Dataset extract ▸
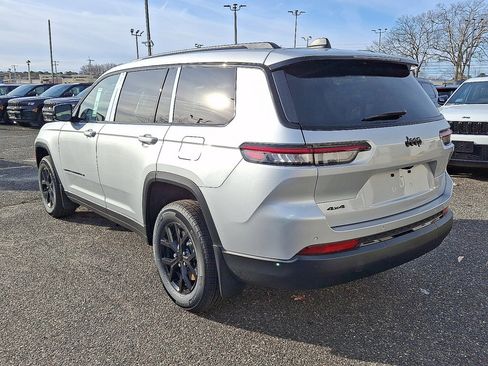 New 2025 Jeep Grand Cherokee L Altitude AWD/4WD image 7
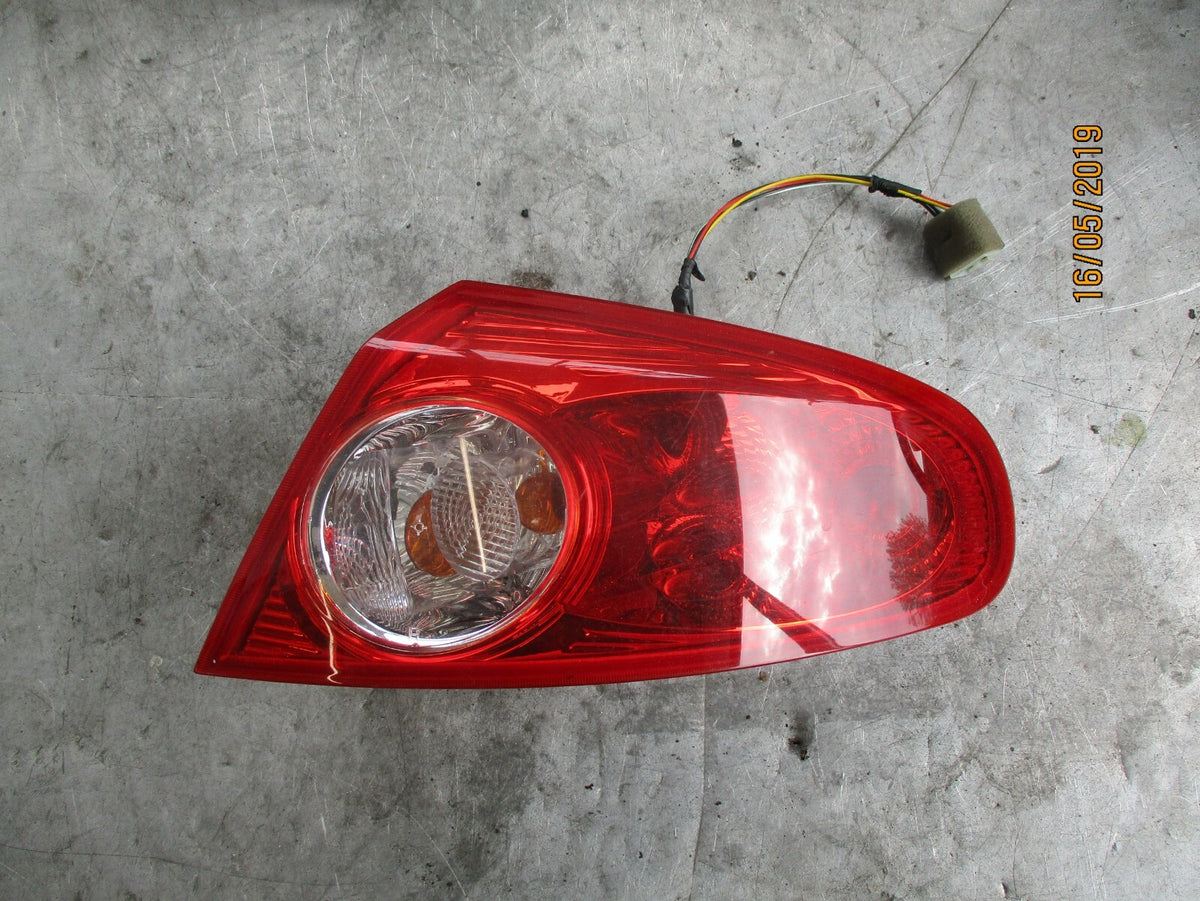 CHEVROLET LACETTI J300 (MK2) OSR DRIVER SIDE OUTER REAR LIGHT TAIL LIGHT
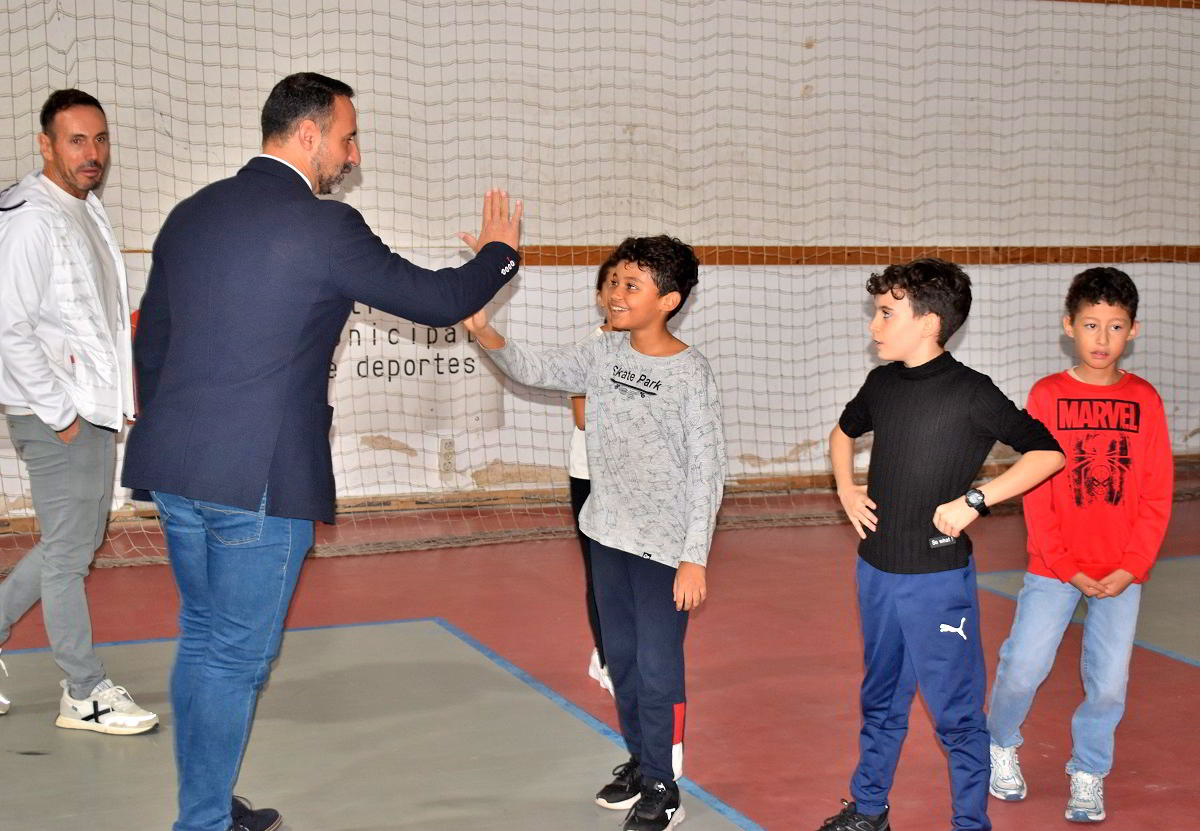 Atletismo y Diversión: Seiscientos Escolares Descubren el Deporte Jugando 6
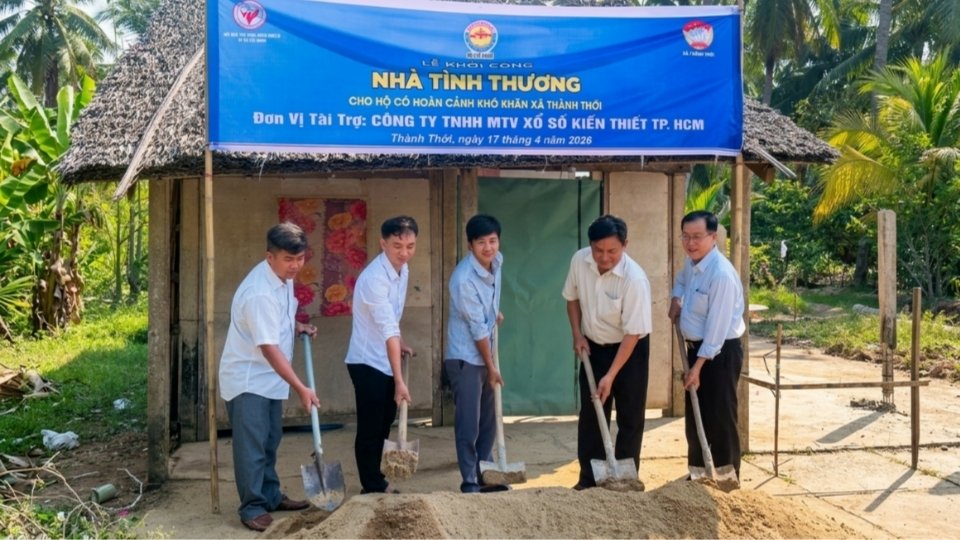 Nguồn lực xã hội hóa góp phần hỗ trợ xây dựng nhà ở cho hộ dân khó khăn trên địa bàn tỉnh. Ảnh: MTTQ Việt Nam tỉnh Vĩnh Long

Exercise requirements ▸
Set the listing down exactly, without its pictures.

Exercise solution ▸
 New 2025 Jeep Grand Cherokee L Altitude AWD/4WD image 7
 CHEVROLET LACETTI J300 (MK2) OSR DRIVER SIDE OUTER REAR LIGHT TAIL LIGHT
 Atletismo y Diversión: Seiscientos Escolares Descubren el Deporte Jugando 6
 Nguồn lực xã hội hóa góp phần hỗ trợ xây dựng nhà ở cho hộ dân khó khăn trên địa bàn tỉnh. Ảnh: MTTQ Việt Nam tỉnh Vĩnh Long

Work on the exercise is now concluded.